The lines from the one containing "Romantic Sunflower I" through the last one in the data: please copy those exactly, and only those, without the pictures.
[Start of section]
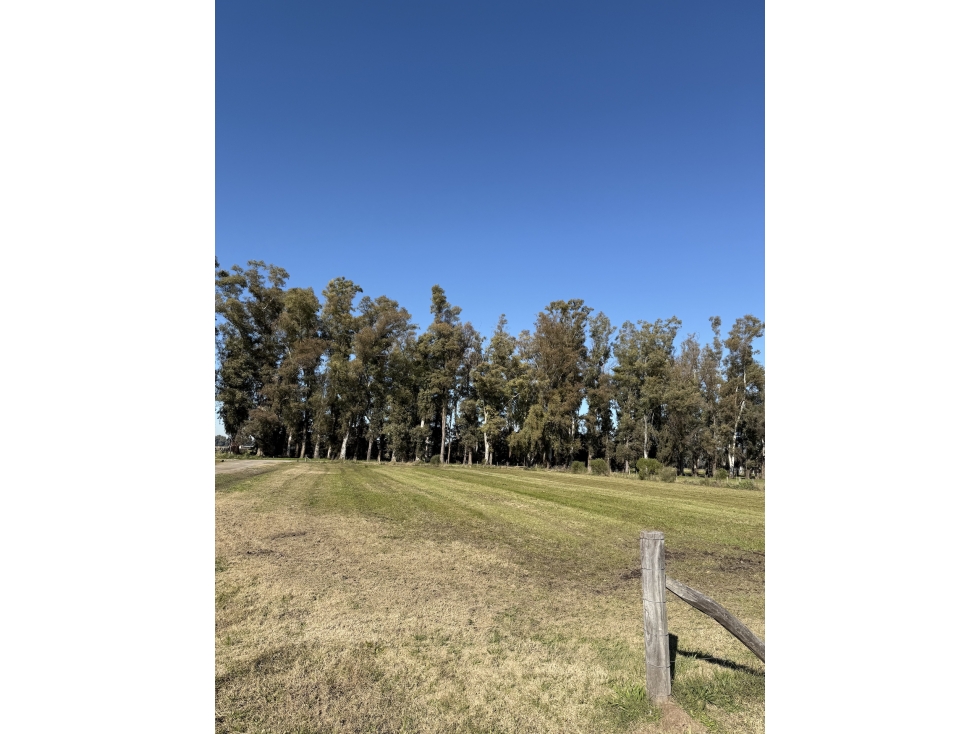 Lote de 3600 m2 en Chacras de San Andres - 6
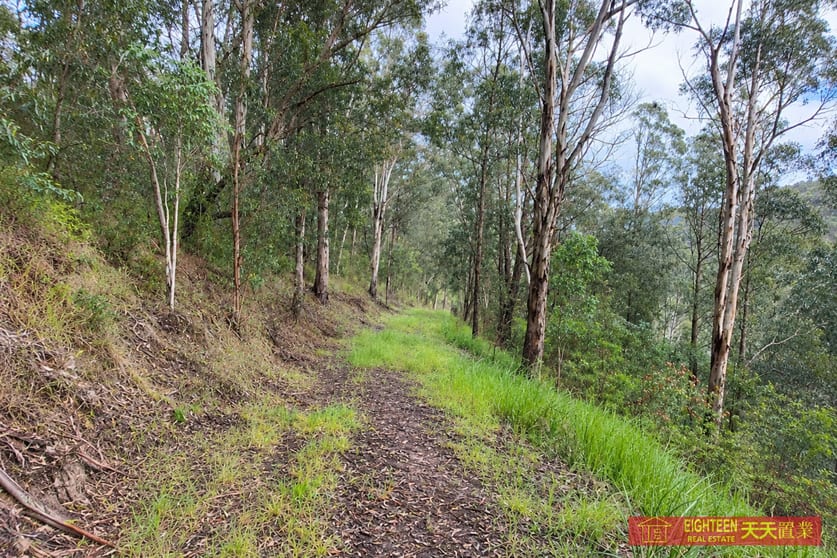 8416 Oxley Hwy Mount Seaview NSW 2446 - Image 3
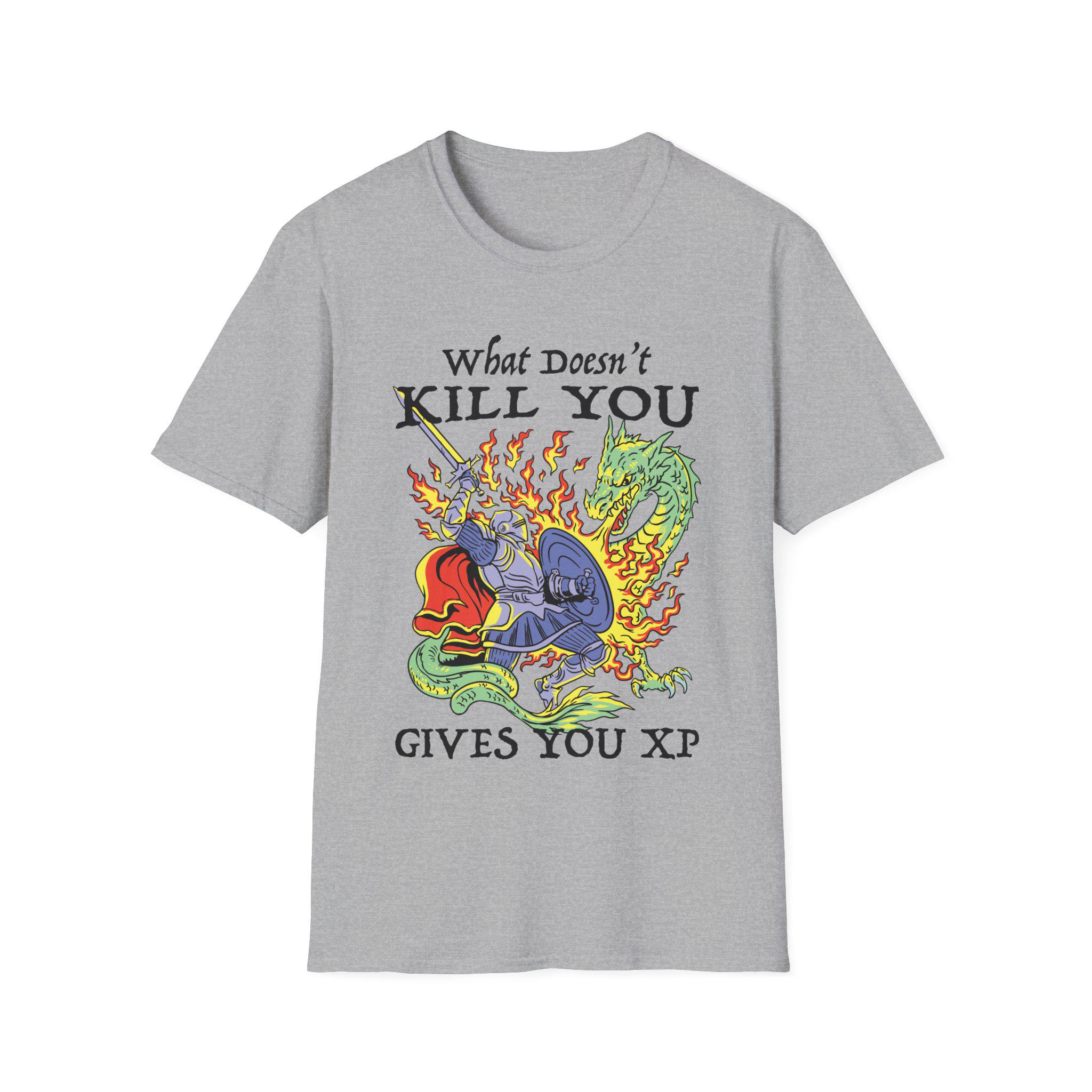 

What Doesnt Kill You Gives You Experience Points Tshirt An Interesting Dungeons Dragons Tshirt 4XL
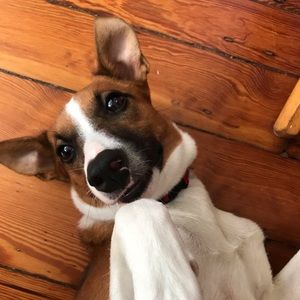 Meet your Posher, Kate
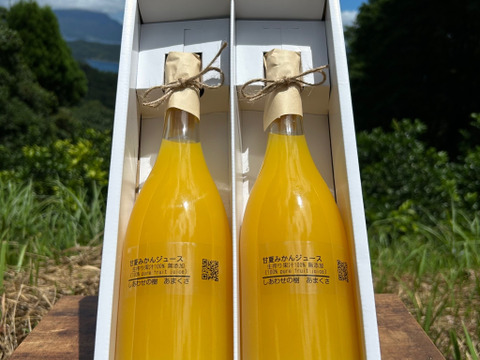 【冬ギフト】無添加甘夏ジュース果汁100% 2本（1本720ml）
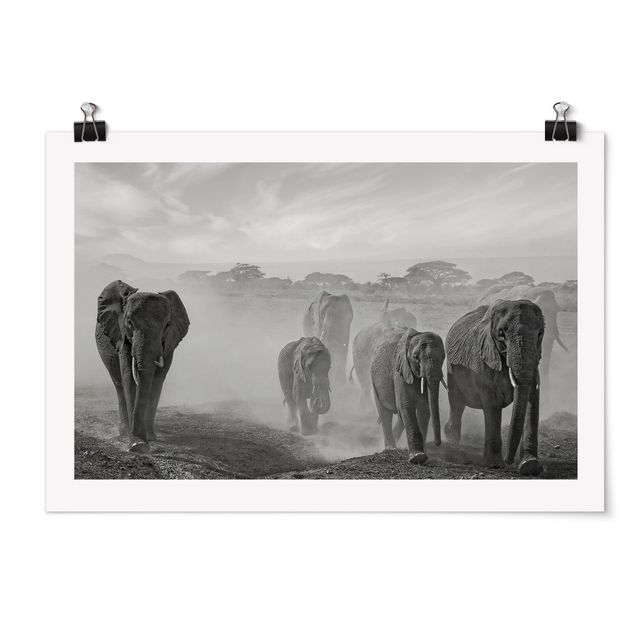 Posters em preto e branco Herd Of Elephants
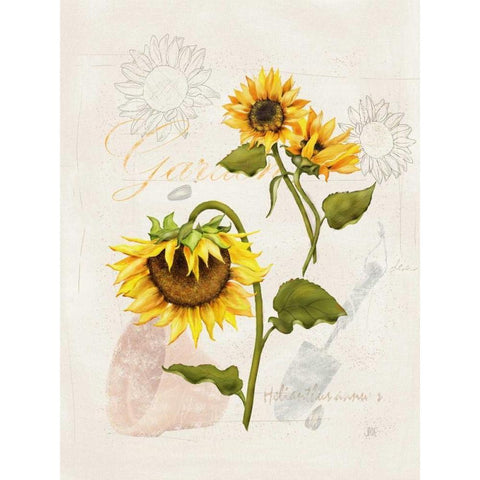 Romantic Sunflower I Black Modern Wood Framed Art Print by Reynolds, Jade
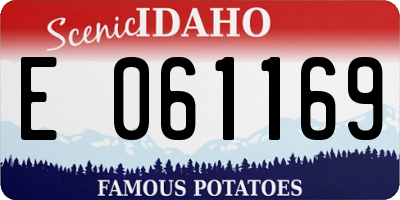 ID license plate E061169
[End of section]
Finished exercise:
 Romantic Sunflower I Black Modern Wood Framed Art Print by Reynolds, Jade
 ID license plate E061169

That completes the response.